Traeger vs GMG 2022 – Pellet Grill Comparisons


Hi, I’m Chris I started PelHeat.com back in 2007.

GMG (Green Mountain Grills) may have only developed their first pellet grill prototype in 2007 and then shortly after brought their products to market. However, GMG is building a strong reputation in the pellet grill owners community. Whereas Traeger, on the other hand, produced their first prototype in the 1980s. Traeger is still the market leader to this day, which was obviously helped by the fact they held a patent on how a pellet grill works for 20 years. However, Traeger now faces a lot of stiff competition. So let’s look at Traeger vs GMG and how their comparable products stack up against each other on features/price.

Traeger vs GMG
Let’s look at how a range of Traeger grills (left) compares to a selection of GMG pellet grills (right): Images – Traeger.com & BBQGuys.com

Disclaimer: Hey! By the way… any links on this page that lead to products on Amazon or other sites are affiliate links, and I earn a commission if you make a purchase.

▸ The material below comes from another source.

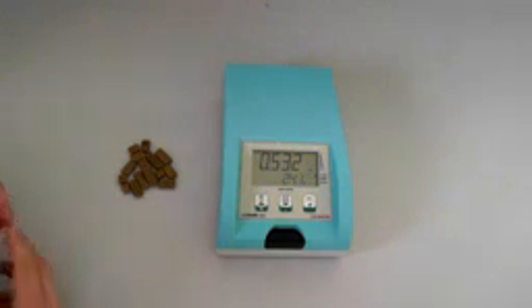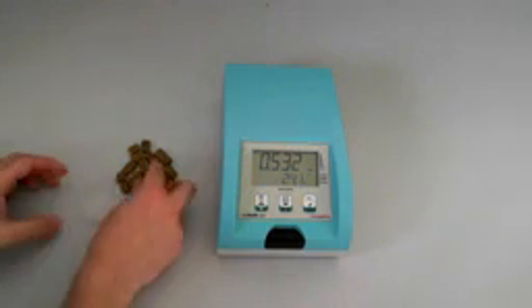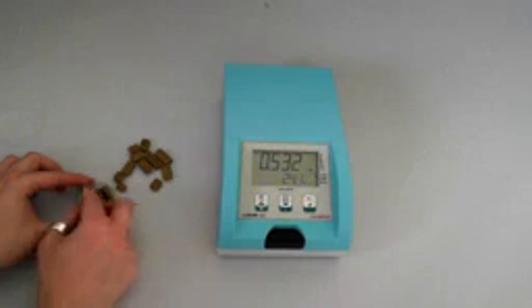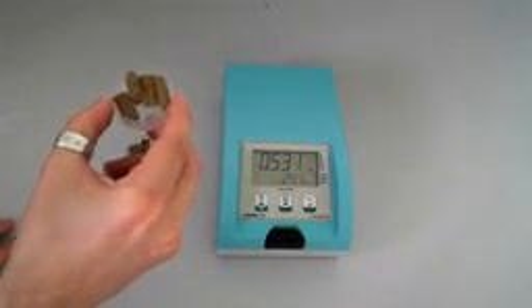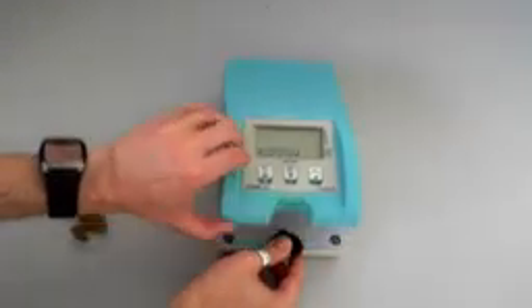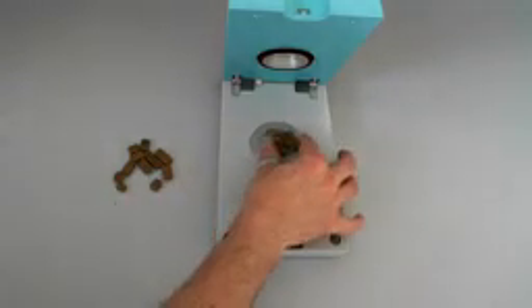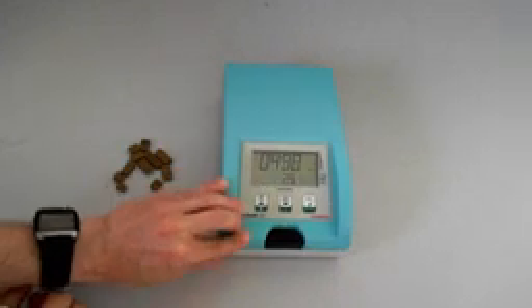Sample preparation is not really required. We just need to open the sample cup, place some samples into it like this, so we have a few samples in there, and then open the instrument, place the sample cup into the instrument, close the unit, and press the start button.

Introduction To Traeger vs GMG Pellet Grills

Unlike in my comparison articles on Traeger vs Pit Boss or Traeger vs Cuisinart, I do believe that the majority of Traeger and Green Mountain Grills products fit in the same spot in the Practical/Premium Class of pellet grills.

When I write my pellet grill brand comparison articles, I think its appropriate to choose models from each brand that match up as closely as possible on price/features.

Green Mountain Grills currently offer all their domestic/residential pellet grills/smokers for under $500, and under $1,000. Therefore, its Traeger pellet grills under those price points which I’ll compare GMG pellet grills against.

Hence, below I won’t be discussing the Traeger Ironwood and Timberline range of pellet grills as they fit in the under $2,000 category.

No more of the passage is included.